The other National League closers picked were John Smoltz of Atlanta, Eric Gagne of Los Angeles, Billy Wagner of Houston and Armando Benitez of New York, which ought to give Mets fans a heart attack. That's because Mets fans think Benitez is having the year that Williams is having.
But that's five closers on the All-Star team. The A.L. has four closers. What other position in baseball sends so many people to the All-Star Game? Can you imagine five third basemen from one league making it? Of course not. Smoltz and Gagne are having All-Star years. The others, like most closers, are just ordinary relievers who pile up saves, a meaningless statistic. For that, they're overpaid and over-honored.
The N.L. starting pitchers are Kevin Brown of Los Angeles, Shawn Chacon of Colorado, Mark Prior and Kerry Wood of Chicago, Woody Williams of St. Louis, Jason Schmidt of San Francisco, Russ Ortiz of Atlanta and Randy Wolf of Philadelphia. I had all of them on my roster except Wood and Ortiz. In their place I picked Brown's teammate Hideo Nomo and Steve Trachsel of New York, who I chose as the lone Met so I wouldn't have to have Benitez on my team. In place of Benitez, Wagner and Williams, I had a pair of middle relievers -- I like to think of them as closers without saves -- Octavio Dotel of Houston and Kent Mercker of Cincinnati, who makes it as my only Red. He's no more qualified than Aaron Boone, but this way I get to have Kent on the team.
The A.L. starters are Esteban Loaiza of Chicago, Roy Halladay of Toronto, Jamie Moyer of Seattle, Mark Mulder and Barry Zito of Oakland and C.C. Sabathia of Cleveland. I had the first four, but not the last two. Instead I had Gil Meche of Seattle, Sidney Ponson of Baltimore and Mike Mussina and David Wells of New York. Something's funny when I'm picking more Yankees for the All-Star Game than are actually going to be there.
The four closers on the team are Eddie Guardado of Minnesota, Keith Foulke of Oakland, Mike MacDougal of Kansas City and Lance Carter, the token Tampa Bay Devil Ray. I'll take Foulke and MacDougal and throw the other two back. The insiders should get some love for taking two middle relievers, Brendan Donnelly of Anaheim and Shigetoshi Hasegawa of Seattle. They're both fine choices, but I had Donnelly and Al Levine of Tampa Bay, who I'd rather have as the token Devil Ray than Carter, just to keep another "closer" off the team.

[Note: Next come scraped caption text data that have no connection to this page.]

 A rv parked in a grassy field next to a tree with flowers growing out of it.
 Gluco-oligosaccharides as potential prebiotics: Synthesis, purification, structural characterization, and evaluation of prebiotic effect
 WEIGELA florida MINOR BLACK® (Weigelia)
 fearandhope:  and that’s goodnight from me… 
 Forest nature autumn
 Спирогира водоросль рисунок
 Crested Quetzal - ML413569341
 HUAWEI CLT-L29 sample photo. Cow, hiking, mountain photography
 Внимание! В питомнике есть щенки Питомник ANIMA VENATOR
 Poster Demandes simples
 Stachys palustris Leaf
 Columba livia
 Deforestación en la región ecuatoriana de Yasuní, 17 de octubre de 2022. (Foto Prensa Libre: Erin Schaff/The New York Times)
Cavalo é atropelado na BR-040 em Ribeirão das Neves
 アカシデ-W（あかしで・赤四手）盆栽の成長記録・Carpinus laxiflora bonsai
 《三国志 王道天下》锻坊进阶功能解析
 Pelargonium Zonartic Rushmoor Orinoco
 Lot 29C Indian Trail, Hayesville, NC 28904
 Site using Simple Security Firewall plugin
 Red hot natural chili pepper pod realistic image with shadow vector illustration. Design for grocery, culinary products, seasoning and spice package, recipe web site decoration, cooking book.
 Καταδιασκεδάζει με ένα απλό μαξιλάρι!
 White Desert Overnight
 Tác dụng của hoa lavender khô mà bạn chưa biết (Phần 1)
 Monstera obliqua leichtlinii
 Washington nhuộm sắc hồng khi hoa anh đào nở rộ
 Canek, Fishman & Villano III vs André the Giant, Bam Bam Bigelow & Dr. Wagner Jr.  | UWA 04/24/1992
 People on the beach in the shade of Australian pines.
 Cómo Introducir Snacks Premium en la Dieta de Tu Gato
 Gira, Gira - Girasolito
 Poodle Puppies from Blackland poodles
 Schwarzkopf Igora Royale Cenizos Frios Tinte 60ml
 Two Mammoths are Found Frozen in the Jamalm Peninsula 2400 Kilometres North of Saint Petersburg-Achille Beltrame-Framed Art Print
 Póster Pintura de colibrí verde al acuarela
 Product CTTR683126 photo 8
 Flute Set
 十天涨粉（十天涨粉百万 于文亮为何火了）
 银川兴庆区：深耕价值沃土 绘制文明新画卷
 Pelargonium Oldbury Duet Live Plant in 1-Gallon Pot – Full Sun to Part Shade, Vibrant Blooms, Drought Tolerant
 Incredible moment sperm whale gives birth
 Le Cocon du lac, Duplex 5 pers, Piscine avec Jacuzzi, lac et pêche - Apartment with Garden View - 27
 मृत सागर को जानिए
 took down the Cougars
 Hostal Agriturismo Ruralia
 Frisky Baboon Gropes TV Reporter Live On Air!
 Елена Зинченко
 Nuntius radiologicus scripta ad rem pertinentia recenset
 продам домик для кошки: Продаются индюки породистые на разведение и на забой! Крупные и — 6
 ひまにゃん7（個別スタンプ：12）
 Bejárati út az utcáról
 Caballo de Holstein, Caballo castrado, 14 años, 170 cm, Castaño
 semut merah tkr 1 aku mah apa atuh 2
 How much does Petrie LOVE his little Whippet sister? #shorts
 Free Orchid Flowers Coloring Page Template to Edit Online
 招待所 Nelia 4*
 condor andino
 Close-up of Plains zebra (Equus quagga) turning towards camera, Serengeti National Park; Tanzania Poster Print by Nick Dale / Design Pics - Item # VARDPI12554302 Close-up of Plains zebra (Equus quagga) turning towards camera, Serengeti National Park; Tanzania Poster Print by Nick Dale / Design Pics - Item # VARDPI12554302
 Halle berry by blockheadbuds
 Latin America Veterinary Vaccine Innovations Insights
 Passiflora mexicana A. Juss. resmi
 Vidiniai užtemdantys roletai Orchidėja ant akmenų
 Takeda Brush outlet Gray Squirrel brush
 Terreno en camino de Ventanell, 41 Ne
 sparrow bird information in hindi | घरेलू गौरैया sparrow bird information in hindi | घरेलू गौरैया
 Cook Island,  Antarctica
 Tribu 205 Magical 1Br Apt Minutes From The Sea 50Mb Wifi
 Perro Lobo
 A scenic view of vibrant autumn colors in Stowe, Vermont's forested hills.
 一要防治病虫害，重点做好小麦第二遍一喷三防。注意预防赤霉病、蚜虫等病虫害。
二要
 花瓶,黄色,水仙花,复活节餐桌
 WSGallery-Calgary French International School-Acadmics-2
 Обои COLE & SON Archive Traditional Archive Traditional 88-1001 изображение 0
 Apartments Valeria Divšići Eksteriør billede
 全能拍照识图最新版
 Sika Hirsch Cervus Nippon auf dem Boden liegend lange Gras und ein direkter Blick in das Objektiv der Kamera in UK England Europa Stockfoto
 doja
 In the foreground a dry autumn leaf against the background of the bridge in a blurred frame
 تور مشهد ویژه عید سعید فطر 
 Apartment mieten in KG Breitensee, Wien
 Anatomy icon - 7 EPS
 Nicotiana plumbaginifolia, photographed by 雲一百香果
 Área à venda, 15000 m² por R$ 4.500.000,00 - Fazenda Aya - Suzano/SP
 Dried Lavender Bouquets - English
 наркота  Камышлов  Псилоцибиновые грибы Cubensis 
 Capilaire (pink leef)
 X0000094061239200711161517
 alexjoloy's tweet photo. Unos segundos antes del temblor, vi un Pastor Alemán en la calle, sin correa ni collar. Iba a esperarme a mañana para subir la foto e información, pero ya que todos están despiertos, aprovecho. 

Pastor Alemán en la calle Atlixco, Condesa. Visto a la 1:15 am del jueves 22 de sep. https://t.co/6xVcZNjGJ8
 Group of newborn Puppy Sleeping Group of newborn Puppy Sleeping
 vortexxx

You'll notice that Roger Clemens' name is absent, which surprised me. I figured that since he's said he's going to retire and he just got his 300th win, he'd get a lifetime achievement All-Star invite, the way Cal Ripken Jr. did in his last year. And Clemens is actually having a decent year, though it's not an All-Star year.
I wouldn't be surprised if Clemens gets that invite by way of the fans, who get to name the 32nd and last player in each league by Internet vote.
If the fans don't pick Clemens, maybe he can twirl a ribbon in the pre-game ceremonies.